Muthu, if you evaluate again Apache Ignite, can you share your results? I also 
noticed Alluxio to store spark results in memory that you might want to 
investigate.

In my case I want to use them to have a real time dashboard (or like waiting 
very few seconds to refine a dashboard), and that use case seems similar to 
your filter/aggregate previously computed spark results.

Regards,
Yohann

________________________________
De : Rick Moritz <rah...@gmail.com>
Envoyé : jeudi 16 mars 2017 10:37
À : user
Objet : Re: RE: Fast write datastore...

If you have enough RAM/SSDs available, maybe tiered HDFS storage and Parquet 
might also be an option. Of course, management-wise it has much more overhead 
than using ES, since you need to manually define partitions and buckets, which 
is suboptimal. On the other hand, for querying, you can probably get some 
decent performance by hooking up Impala or Presto or LLAP-Hive, if Spark were 
too slow/cumbersome.
Depending on your particular access patterns, this may not be very practical, 
but as a general approach it might be one way to get intermediate results 
quicker, and with less of a storage-zoo than some alternatives.

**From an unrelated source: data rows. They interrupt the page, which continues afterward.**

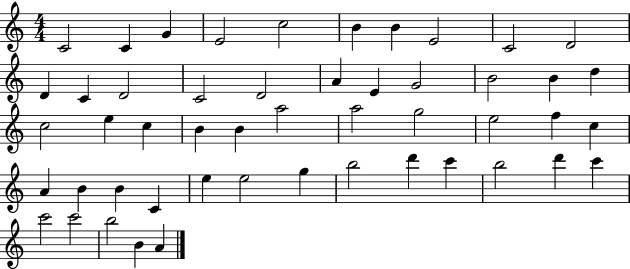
{
  \clef treble
  \numericTimeSignature
  \time 4/4
  \key c \major
  c'2 c'4 g'4 | e'2 c''2 | b'4 b'4 e'2 | c'2 d'2 | \break d'4 c'4 d'2 | c'2 d'2 | a'4 e'4 g'2 | b'2 b'4 d''4 | \break c''2 e''4 c''4 | b'4 b'4 a''2 | a''2 g''2 | e''2 f''4 c''4 | \break a'4 b'4 b'4 c'4 | e''4 e''2 g''4 | b''2 d'''4 c'''4 | b''2 d'''4 c'''4 | \break c'''2 c'''2 | b''2 b'4 a'4 | \bar "|."
} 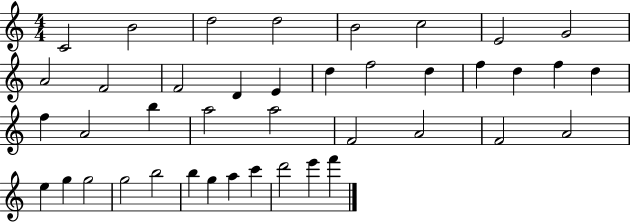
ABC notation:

X:1
T:Untitled
M:4/4
L:1/4
K:C
C2 B2 d2 d2 B2 c2 E2 G2 A2 F2 F2 D E d f2 d f d f d f A2 b a2 a2 F2 A2 F2 A2 e g g2 g2 b2 b g a c' d'2 e' f' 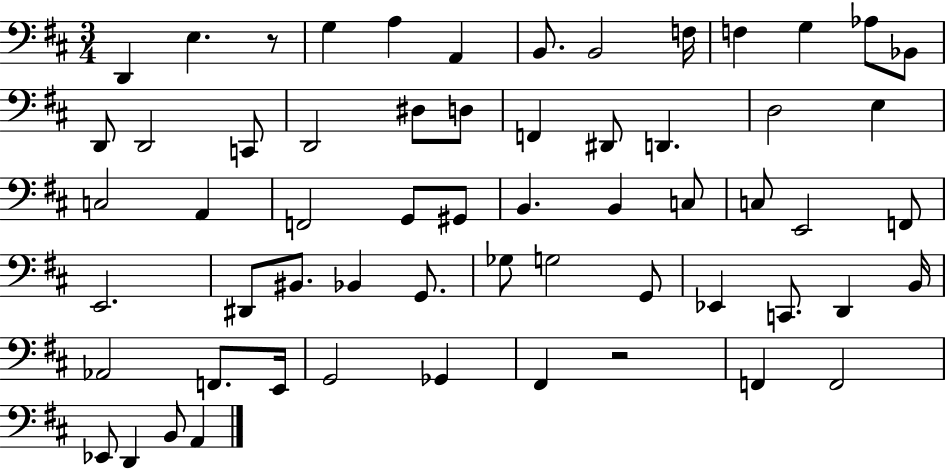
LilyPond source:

{
  \clef bass
  \numericTimeSignature
  \time 3/4
  \key d \major
  d,4 e4. r8 | g4 a4 a,4 | b,8. b,2 f16 | f4 g4 aes8 bes,8 | \break d,8 d,2 c,8 | d,2 dis8 d8 | f,4 dis,8 d,4. | d2 e4 | \break c2 a,4 | f,2 g,8 gis,8 | b,4. b,4 c8 | c8 e,2 f,8 | \break e,2. | dis,8 bis,8. bes,4 g,8. | ges8 g2 g,8 | ees,4 c,8. d,4 b,16 | \break aes,2 f,8. e,16 | g,2 ges,4 | fis,4 r2 | f,4 f,2 | \break ees,8 d,4 b,8 a,4 | \bar "|."
} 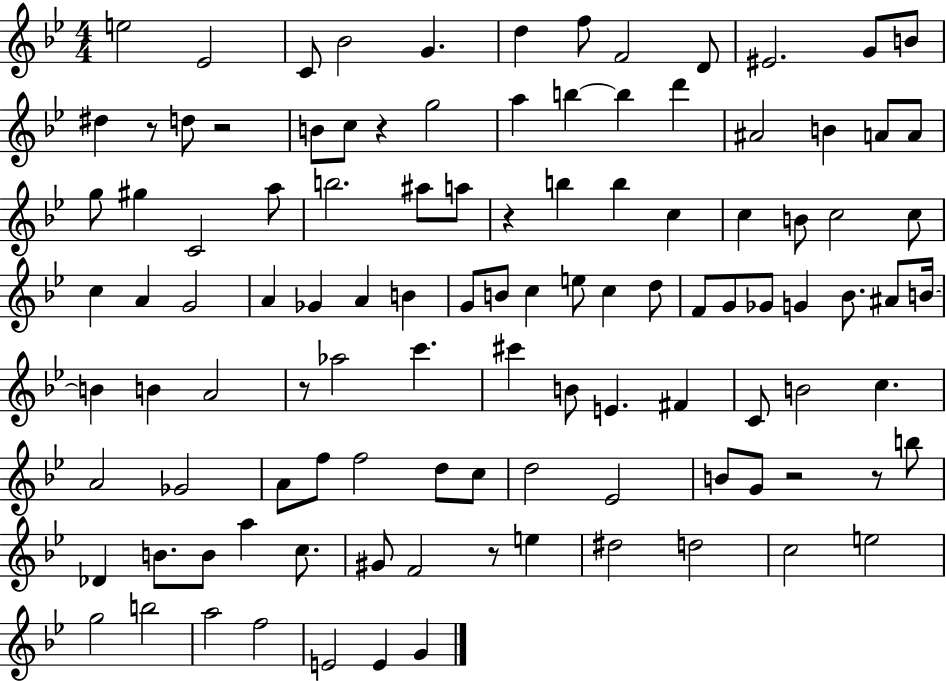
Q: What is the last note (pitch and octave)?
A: G4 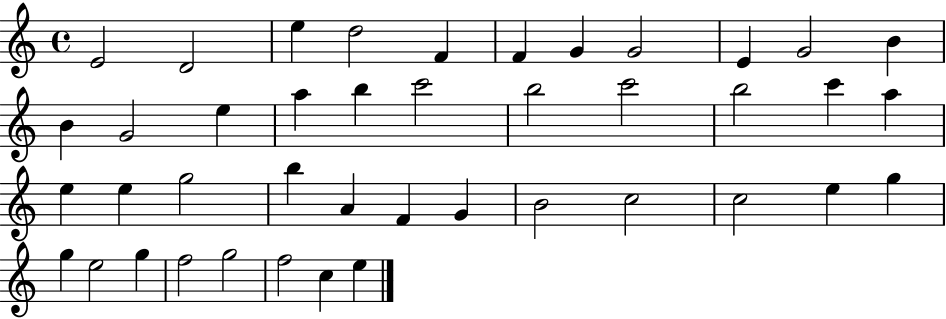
{
  \clef treble
  \time 4/4
  \defaultTimeSignature
  \key c \major
  e'2 d'2 | e''4 d''2 f'4 | f'4 g'4 g'2 | e'4 g'2 b'4 | \break b'4 g'2 e''4 | a''4 b''4 c'''2 | b''2 c'''2 | b''2 c'''4 a''4 | \break e''4 e''4 g''2 | b''4 a'4 f'4 g'4 | b'2 c''2 | c''2 e''4 g''4 | \break g''4 e''2 g''4 | f''2 g''2 | f''2 c''4 e''4 | \bar "|."
} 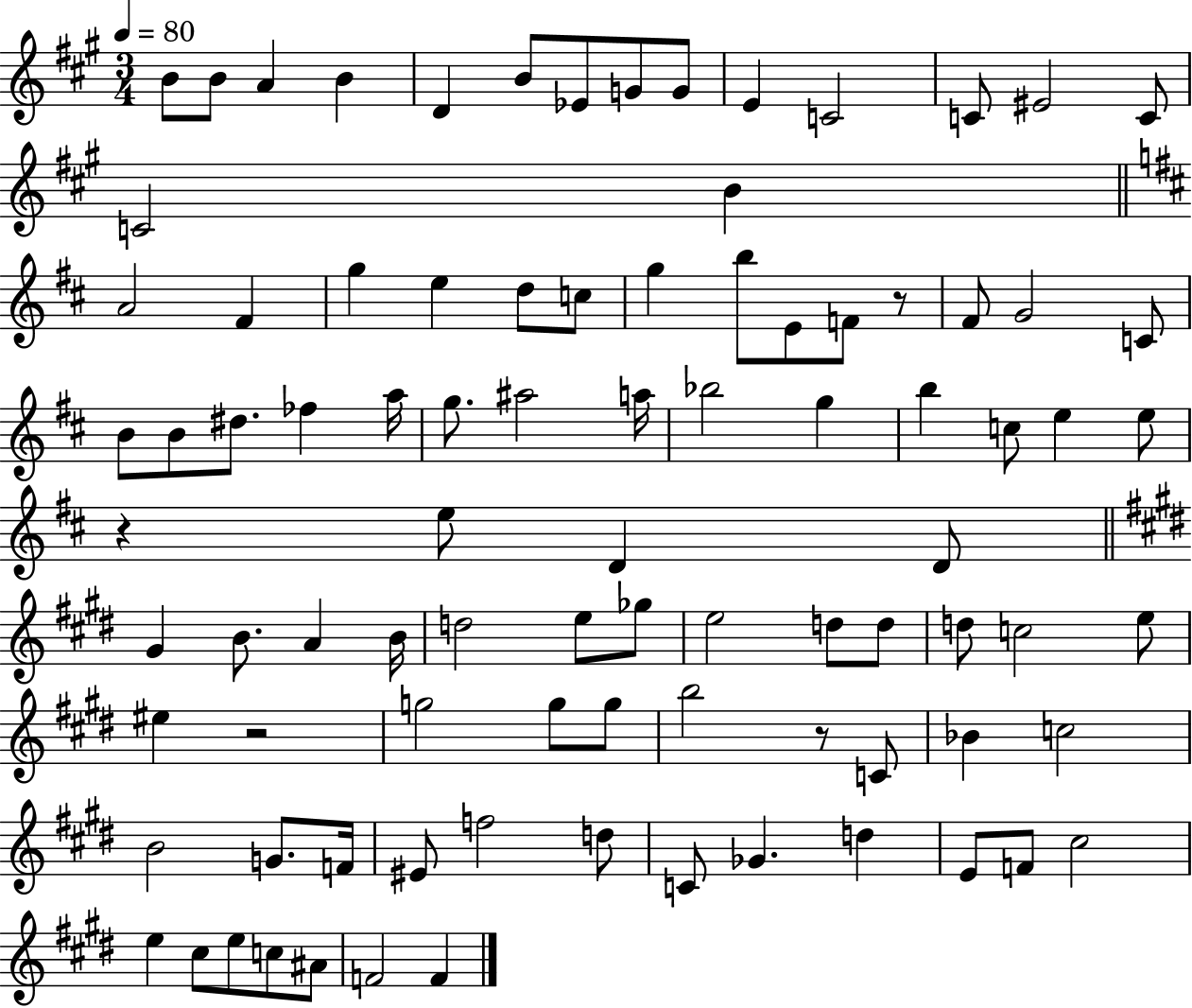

On Thu, Mar 16, 2017 at 7:57 AM, Shiva Ramagopal 
<tr.s...@gmail.com<mailto:tr.s...@gmail.com>> wrote:
I do think Kafka is an overkill in this case. There are no streaming use- cases 
that needs a queue to do pub-sub.

On 16-Mar-2017 11:47 AM, "vvshvv" <vvs...@gmail.com<mailto:vvs...@gmail.com>> 
wrote:
Hi,

>> A slightly over-kill solution may be Spark to Kafka to ElasticSearch?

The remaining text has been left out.